Multicollinearity in OLS: Why “No Perfect Multicollinearity” Is Crucial

least squaresmulticollinearityregression

Let $Y = \beta_1 X_1 + \beta_2 X_2 +… + u$ where $u$ is the error term and $X_i's$ are the regressors.

One of the assumptions state that

(1) There is no perfect multicollinearity.

I couldn't really get what would the existence of a perfect multicollinearity do to our coefficients? I understood what perfect multicollinearity means, and all that, but what does it do our regression that somehow it is assumed at the beginning not to exist?

Also, When having perfect multicollinearity, why does dropping the intercept help us avoid it? What I mean is that when two regressors are in a linear relationship for some reason when you set the intercept of the regression $ = 0 $ for some reasons now you avoid multicollinearity?

Best Answer

I bet this was covered a million times on this board. In a nutshell: because the design matrix becomes degenerated, and there is no unique solution to the linear algebra problem of OLS. There will be infinite number of equally good solutions, and there's no way to tell which one is better.

Technical details: the design matrix is a matrix that is constructed by putting all $p$ variables in columns and all $n$ observations in rows. It is $X_{ij}$ where $i$ is rows from 1 to $n$ and $j$ is columns from 1 to $p$. It so happens that when there is a perfect collinearity then matrix $X$ can be reduced to a matrix $X'_{ik}$ where each column now represents a new set of variables $k=[1, p']$ such that $p'<p$. In other words the new design matrix $X'$ has fewer columns than the original, yet no information was lost.

In this case the usual solution $\beta=(X^TX)^{-1}X^TY$ does not exist because $(X^TX)^{-1}$ is singular. On the other hand the solution $\beta'=(X'^TX')^{-1}X'^TY$ does exist on the new set of variables. So, the only problem with perfect collinearity is that the original set of variables does not have a unique solution, but it does have solutions.

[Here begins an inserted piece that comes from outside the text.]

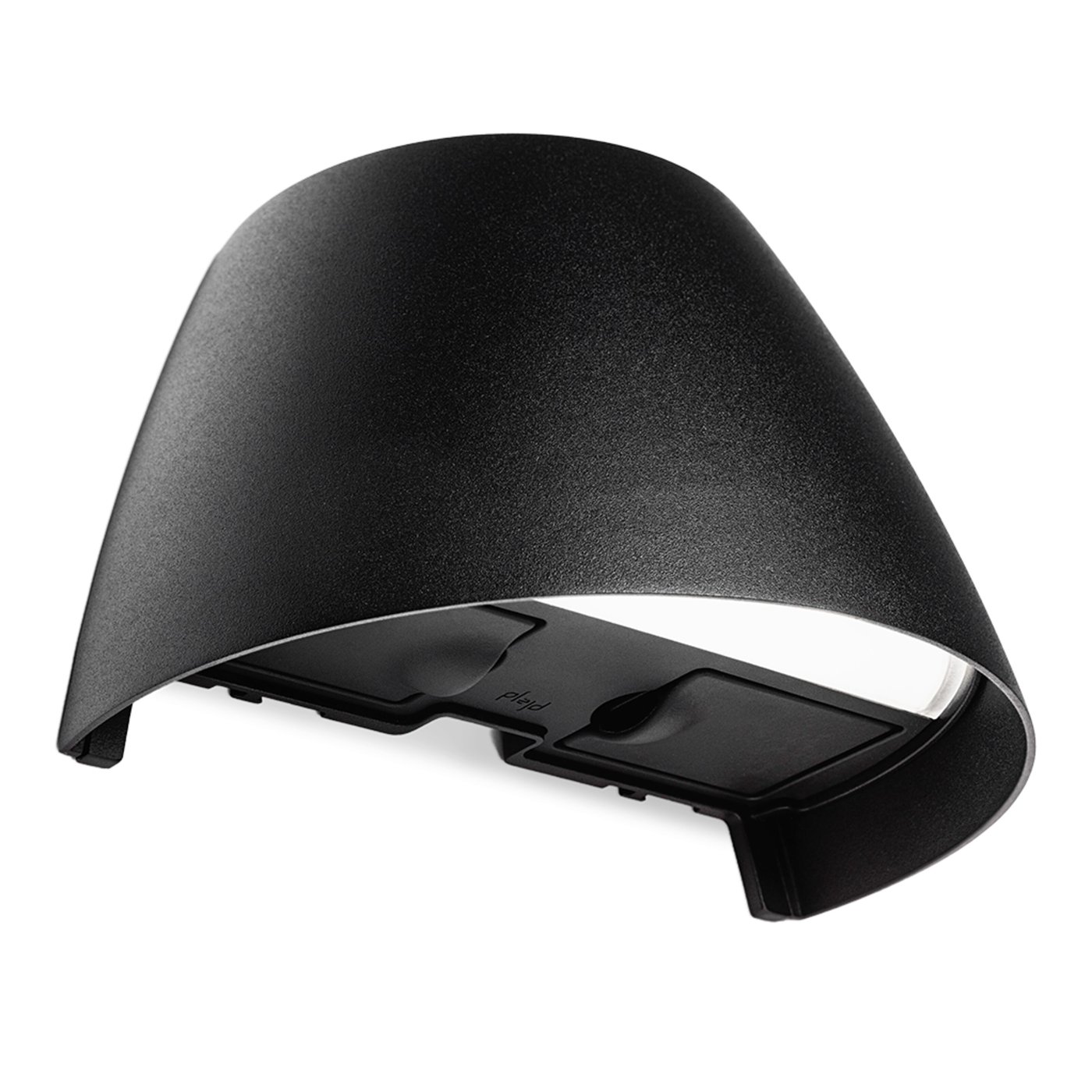 Plejd Smart veggarmatur OUT-02-U med uttak Svart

The implication is that you can pick any of the non unique solutions, and it will be as good as any other. Note, it will not be as bad as any other. So, you can use this solution to predict $Y'$. The only problem's that you'll have to step outside a typical OLS method to find the solutions, because OLS' linear algebra trick doesn't work. Things like gradient descent will work.